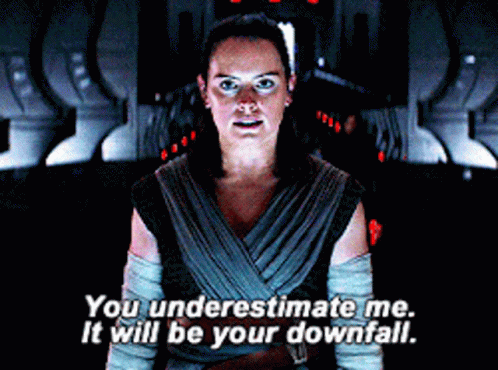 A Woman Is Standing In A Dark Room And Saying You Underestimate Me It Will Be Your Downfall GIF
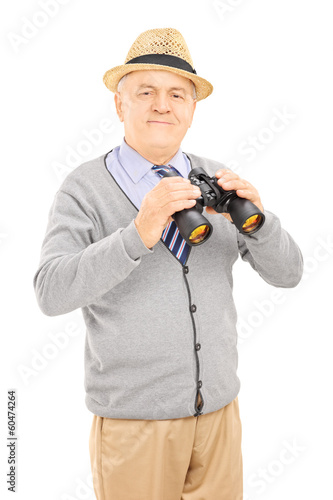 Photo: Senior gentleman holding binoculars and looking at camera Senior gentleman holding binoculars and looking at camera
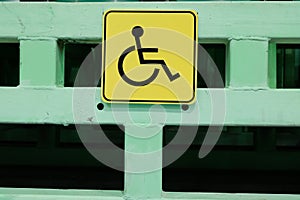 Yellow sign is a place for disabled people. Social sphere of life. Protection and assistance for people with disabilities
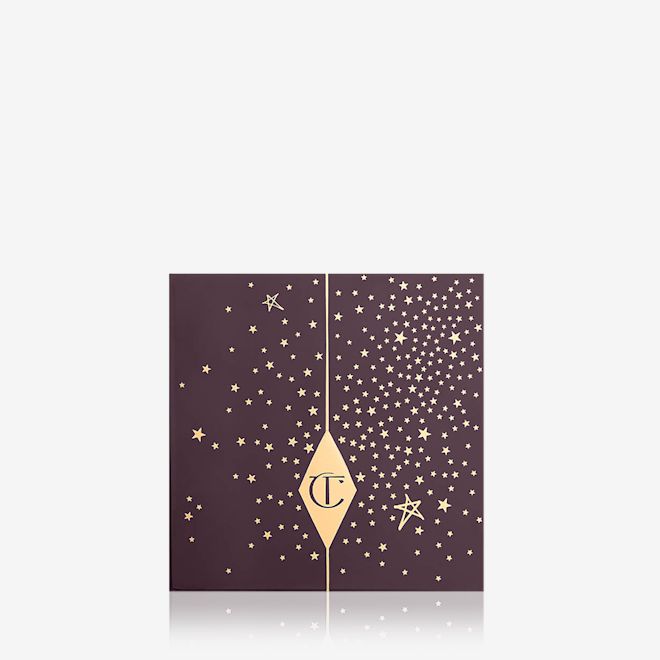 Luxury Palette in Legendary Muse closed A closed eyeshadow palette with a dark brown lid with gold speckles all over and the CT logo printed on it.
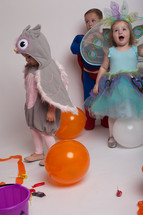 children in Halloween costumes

___

_WHAT YOU WILL DO_
Write the lines from the line containing "Luxury Palette in" through the last line of the data out again exactly, and only those lines; pictures stay out.

_TASK OUTPUT_
 Luxury Palette in Legendary Muse closed A closed eyeshadow palette with a dark brown lid with gold speckles all over and the CT logo printed on it.
 children in Halloween costumes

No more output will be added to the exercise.